For the resolver above:

Drives the _.transactions traversal from User, so the new row lands in the right user's bucket.

Feeds both User.sum_transaction_amount and User.mean_transaction_amount.

Each Kafka message is therefore folded into the buckets of both aggregates for the
matching User.id.

A few notes on what counts as "relevant":

- Version match required. An aggregate whose aggregate_on column is a different
version of the column the resolver actually writes is skipped — see
Per-version isolation below.
- Opt-out per resolver. Set updates_materialized_aggregations=False on the stream
resolver to skip mat-agg updates for that resolver entirely.

### Per-version isolation

When a versioned scalar backs versioned aggregates, a stream resolver's writes only
flow into the aggregates sourced from the version that resolver actually writes. An
aggregate whose aggregate_on column is a different version of the freshly written
column is skipped for that batch.

```
from chalk import DataFrame, FeatureTime, Primary, feature, features
from chalk.features import _
from chalk.features.resolver import make_stream_resolver
from chalk.streams import Windowed, windowed

@features
class Transaction:
    id: Primary[str]
    user_id: "User.id"
    amount: float = feature(
        versions={1: feature(), 2: feature()},
        default_version=1,
    )
    ts: FeatureTime

@features
class User:
    id: Primary[str]
    transactions: DataFrame[Transaction]
    total_spend: "Windowed[float]" = feature(
        versions={
            1: windowed(
                "30d",
                expression=_.transactions[_.amount].sum(),
                materialization=True,
                default=0.0,
            ),
            2: windowed(
                "30d",
                expression=_.transactions[_.amount @ 2].sum(),
                materialization=True,
                default=0.0,
            ),
        },
        default_version=1,
    )

class TransactionMsg(BaseModel):
    id: str
    user_id: str
    amount: float

# Stream resolver writes amount @ 2 (the parity column).
make_stream_resolver(
    name="process_transaction_topic",
    source=transaction_source,
    message_type=TransactionMsg,
    output_features={
        Transaction.id: _.id,
        Transaction.user_id: _.user_id,
        Transaction.amount @ 2: _.amount,  # noqa: F722
    },
)
```

For each message, only User.total_spend["30d"] @ 2 is updated. User.total_spend["30d"]
(v1, sourced from _.amount) is left untouched, even though the new Transaction row
exists at the same primary key — its v1 column wasn't part of this resolver's output.

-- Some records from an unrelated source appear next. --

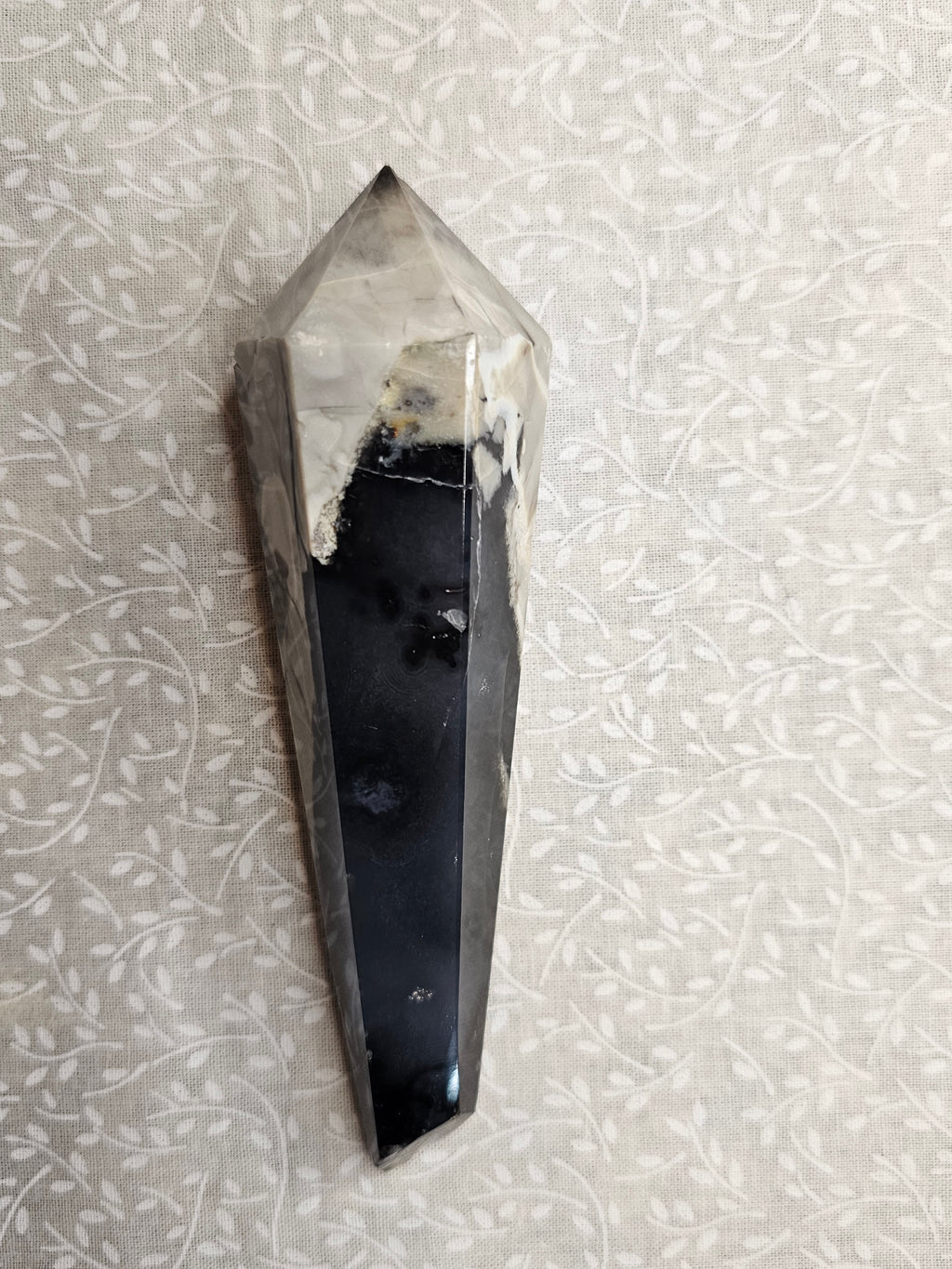 Volcano Agate Crystal Point Uv Active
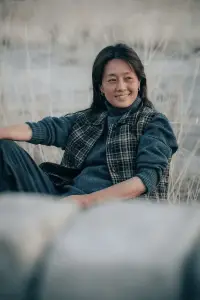 看完馬伊琍演的《我的阿勒泰》里面有一段她飾演的張鳳俠和女兒非常有深度的對話：

什么叫有用？

活著即是有用，存在即是有用！

人生真正的有用是什么呢？不過就是隨遇而安！

有用是什么，你每天能開開心心、踏踏實實，澆著花看著螞蟻搬家難道不就是幸福和意義嗎？

真正的有用不是你獲得過什么，而是你敢享受當下！

每一個人從出生起，就是有用！

生命本身，就是一次巨大的成功。

窮與富、名與利不重要，眾生平等，當下快樂，就是有用；

為什么一定要考出了好成績、嫁了好人、找了好工作才是有用呢？

每一個媽媽要向張鳳俠學習，不計較、鈍力感、不強求、隨遇而安

松弛，做一個無用之人，人生不需要意義，有風有雨有陽光，陰睛圓缺即是意義。

不要為有用而活，不要為目的、意義而活，不要為規則而活！

~紅衫倩影心理咨詢工作室配圖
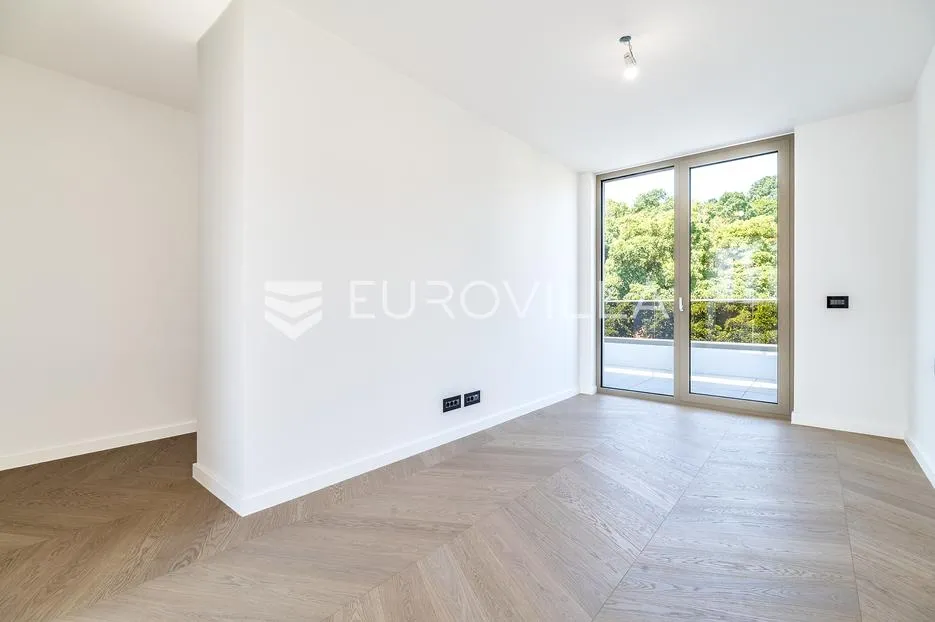 zagreb, medvedgradska, luksuzan četverosobni penthouse s bazenom 324 m² - slika 3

The isolation only kicks in when the source feature (the column referenced inside the
aggregation expression) is itself versioned. If the underlying scalar is unversioned,
every version of an aggregate that references it updates normally on every write.

For a full guide to defining, querying, and backfilling versioned windowed aggregations, see Versioned Windowed Aggregations.

### Online Storage

Similar to materialized aggregations that are backfilled from a non-streaming
data source, when the Chalk streaming server receives a message on a stream, if the streaming resolver is used
to compute a materialized aggregation, then the relevant data will be used to update the correct bucket for the
materialized aggregation. When a stream resolver is used to compute a materialized aggregation, the minimum amount of
data required to compute the aggregation will be stored for each bucket. For example, for a sum aggregation, the
sum of all values in the bucket will be stored. Then when new messages arrive, the appropriate bucket based on the
timestamp of the message will be updated with the new value. Because this data is stored online, you can access the
values through both online and offline queries.